Work to complete:
All lines from the first one in the listing below to the one holding "Emory Park Rowan Boyfriend Jeans", inclusive, are to be copied exactly.
== == ==
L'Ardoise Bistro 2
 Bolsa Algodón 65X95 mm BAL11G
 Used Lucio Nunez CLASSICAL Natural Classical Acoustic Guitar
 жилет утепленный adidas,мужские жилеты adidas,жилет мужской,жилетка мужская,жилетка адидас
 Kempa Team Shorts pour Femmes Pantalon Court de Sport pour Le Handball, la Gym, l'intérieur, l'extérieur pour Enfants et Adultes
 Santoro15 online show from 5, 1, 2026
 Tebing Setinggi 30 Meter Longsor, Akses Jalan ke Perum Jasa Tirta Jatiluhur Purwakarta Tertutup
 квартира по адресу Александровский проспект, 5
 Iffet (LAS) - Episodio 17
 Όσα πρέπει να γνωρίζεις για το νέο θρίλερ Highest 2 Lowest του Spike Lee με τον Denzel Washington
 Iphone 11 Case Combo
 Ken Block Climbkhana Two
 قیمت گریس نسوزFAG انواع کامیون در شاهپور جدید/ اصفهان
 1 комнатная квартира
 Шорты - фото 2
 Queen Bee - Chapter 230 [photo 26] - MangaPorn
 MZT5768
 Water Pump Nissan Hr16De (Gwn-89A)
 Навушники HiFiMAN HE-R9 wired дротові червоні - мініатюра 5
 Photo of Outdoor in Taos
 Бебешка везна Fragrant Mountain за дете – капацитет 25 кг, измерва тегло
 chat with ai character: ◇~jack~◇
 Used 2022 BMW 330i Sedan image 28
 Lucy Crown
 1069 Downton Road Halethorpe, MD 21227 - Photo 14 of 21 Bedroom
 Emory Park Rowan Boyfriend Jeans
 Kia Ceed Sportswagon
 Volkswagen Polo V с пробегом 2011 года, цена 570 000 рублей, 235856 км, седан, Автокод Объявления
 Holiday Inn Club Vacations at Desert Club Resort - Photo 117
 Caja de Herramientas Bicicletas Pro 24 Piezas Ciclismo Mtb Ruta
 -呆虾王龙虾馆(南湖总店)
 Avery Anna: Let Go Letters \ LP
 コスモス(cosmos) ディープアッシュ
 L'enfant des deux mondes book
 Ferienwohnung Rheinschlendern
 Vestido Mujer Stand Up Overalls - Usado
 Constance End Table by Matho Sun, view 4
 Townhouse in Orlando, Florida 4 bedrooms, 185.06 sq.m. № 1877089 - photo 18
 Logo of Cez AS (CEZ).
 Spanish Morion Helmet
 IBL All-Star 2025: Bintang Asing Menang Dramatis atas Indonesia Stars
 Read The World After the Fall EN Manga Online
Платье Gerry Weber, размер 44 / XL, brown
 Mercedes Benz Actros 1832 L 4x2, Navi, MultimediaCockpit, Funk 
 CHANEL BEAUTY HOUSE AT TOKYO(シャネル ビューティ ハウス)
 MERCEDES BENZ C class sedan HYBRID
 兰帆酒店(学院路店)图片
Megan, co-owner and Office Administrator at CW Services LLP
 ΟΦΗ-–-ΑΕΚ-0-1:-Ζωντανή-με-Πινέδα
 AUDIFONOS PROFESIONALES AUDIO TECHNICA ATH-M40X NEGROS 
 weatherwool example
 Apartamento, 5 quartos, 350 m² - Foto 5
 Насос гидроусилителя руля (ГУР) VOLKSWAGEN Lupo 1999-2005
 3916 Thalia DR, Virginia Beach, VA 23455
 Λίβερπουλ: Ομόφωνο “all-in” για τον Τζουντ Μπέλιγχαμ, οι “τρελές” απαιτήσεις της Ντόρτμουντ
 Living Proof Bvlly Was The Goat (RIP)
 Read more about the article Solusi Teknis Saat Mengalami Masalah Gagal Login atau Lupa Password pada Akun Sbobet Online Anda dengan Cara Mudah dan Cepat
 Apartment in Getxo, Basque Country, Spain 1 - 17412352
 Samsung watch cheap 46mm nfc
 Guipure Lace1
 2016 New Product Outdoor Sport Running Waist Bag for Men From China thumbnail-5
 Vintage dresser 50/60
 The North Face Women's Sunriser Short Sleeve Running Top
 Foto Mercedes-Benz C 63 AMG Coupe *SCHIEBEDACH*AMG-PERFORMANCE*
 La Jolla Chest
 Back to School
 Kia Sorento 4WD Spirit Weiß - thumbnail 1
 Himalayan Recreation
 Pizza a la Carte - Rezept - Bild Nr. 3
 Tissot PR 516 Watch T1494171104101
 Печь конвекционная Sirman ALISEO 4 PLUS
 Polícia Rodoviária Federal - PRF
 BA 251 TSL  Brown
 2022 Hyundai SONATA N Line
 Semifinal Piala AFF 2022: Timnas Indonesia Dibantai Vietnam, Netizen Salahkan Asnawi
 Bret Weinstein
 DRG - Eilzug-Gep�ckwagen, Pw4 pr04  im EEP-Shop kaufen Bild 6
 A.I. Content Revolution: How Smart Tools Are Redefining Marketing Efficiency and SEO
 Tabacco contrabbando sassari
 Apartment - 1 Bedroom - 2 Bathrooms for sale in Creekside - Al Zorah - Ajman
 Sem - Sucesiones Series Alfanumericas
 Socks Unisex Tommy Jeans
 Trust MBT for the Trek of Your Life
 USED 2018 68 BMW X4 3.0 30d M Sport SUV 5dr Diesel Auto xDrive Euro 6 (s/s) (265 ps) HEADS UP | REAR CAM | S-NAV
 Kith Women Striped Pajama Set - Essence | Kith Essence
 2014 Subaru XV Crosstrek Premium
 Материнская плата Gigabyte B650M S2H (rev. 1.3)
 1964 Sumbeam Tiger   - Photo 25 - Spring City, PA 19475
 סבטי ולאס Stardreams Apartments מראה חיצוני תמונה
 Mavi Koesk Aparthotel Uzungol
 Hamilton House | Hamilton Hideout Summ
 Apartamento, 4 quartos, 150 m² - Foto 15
== == ==
Task result:
L'Ardoise Bistro 2
 Bolsa Algodón 65X95 mm BAL11G
 Used Lucio Nunez CLASSICAL Natural Classical Acoustic Guitar
 жилет утепленный adidas,мужские жилеты adidas,жилет мужской,жилетка мужская,жилетка адидас
 Kempa Team Shorts pour Femmes Pantalon Court de Sport pour Le Handball, la Gym, l'intérieur, l'extérieur pour Enfants et Adultes
 Santoro15 online show from 5, 1, 2026
 Tebing Setinggi 30 Meter Longsor, Akses Jalan ke Perum Jasa Tirta Jatiluhur Purwakarta Tertutup
 квартира по адресу Александровский проспект, 5
 Iffet (LAS) - Episodio 17
 Όσα πρέπει να γνωρίζεις για το νέο θρίλερ Highest 2 Lowest του Spike Lee με τον Denzel Washington
 Iphone 11 Case Combo
 Ken Block Climbkhana Two
 قیمت گریس نسوزFAG انواع کامیون در شاهپور جدید/ اصفهان
 1 комнатная квартира
 Шорты - фото 2
 Queen Bee - Chapter 230 [photo 26] - MangaPorn
 MZT5768
 Water Pump Nissan Hr16De (Gwn-89A)
 Навушники HiFiMAN HE-R9 wired дротові червоні - мініатюра 5
 Photo of Outdoor in Taos
 Бебешка везна Fragrant Mountain за дете – капацитет 25 кг, измерва тегло
 chat with ai character: ◇~jack~◇
 Used 2022 BMW 330i Sedan image 28
 Lucy Crown
 1069 Downton Road Halethorpe, MD 21227 - Photo 14 of 21 Bedroom
 Emory Park Rowan Boyfriend Jeans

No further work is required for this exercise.